I want to implement a textual search with Lucene over some documents. The documents are provided already tokenized in a table:
|documentID|token|position|
'documentID' is the id of the document the token is in
'position' describes, on which position in the document the token is written
My first attempt was to create an index to search for tokens and return the documentID. So I created a Lucene-document for every documentID. To each Lucene-document I added one IntField 'documentID' and several StringFields 'token' for every token in this document. Therefor, no problem.
Now I started my second attempt, including position information. First thought: 'No Problem, just add StringFields 'position' to the Lucene-document!' But...Then I have no relation between the positions and the tokens. Here's an example what I want in the end:
INPUT:
tomato
OUTPUT:
docID1|position1
docID1|position2
docID2|position1
...
How can I achieve this? In my opinion, the simplest solution would be stopping converting document->Lucene-document and starting to map the single tokens to Lucene-documents.

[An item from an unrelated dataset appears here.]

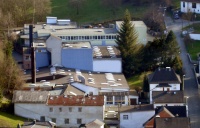 Die Feuerverzinkerei der Wilhem Ungeheuer Söhne GmbH wurde von einem Brandschaden betroffen, aber die Produktion geht ungestört weiter. Bild WUS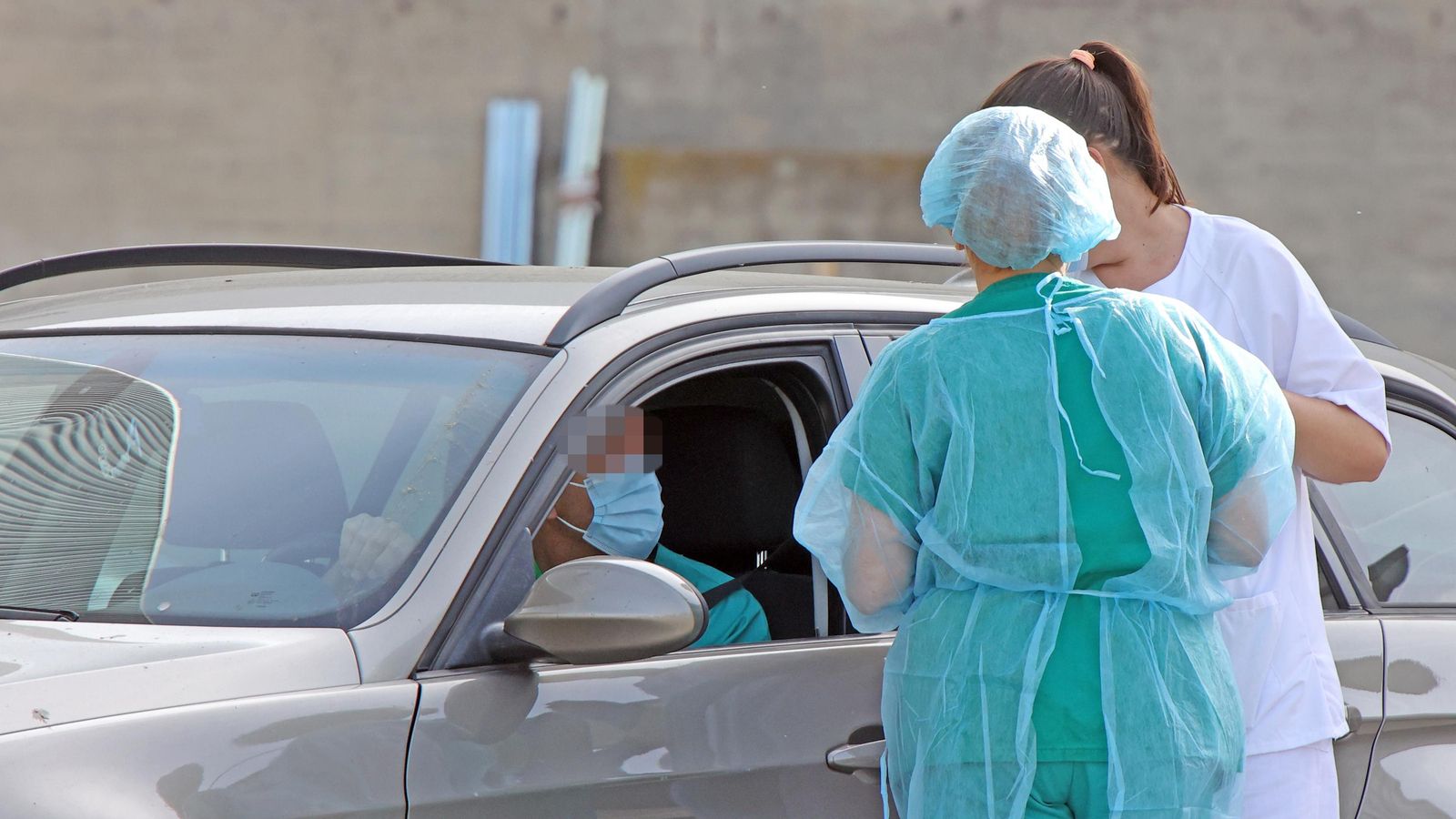 Sanotarios atienden este jueves a un ciudadano en el autocovid del hospital.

So I create a Lucene-document for every unique token/documentID combination (of course just for documentIDs containing the token). Then I add the token and the documentID as fields to the document. Also, for every hit an IntField containing 'position' from the table.
Example:
StringField 'token1'
IntField 'documentID1'
IntField 'position1'
IntField 'position2'
IntFIeld 'position3'
StringField 'token1'
IntField 'documentID2'
IntField 'position1'
IntField 'position2'
Are there other ways to store linked fields?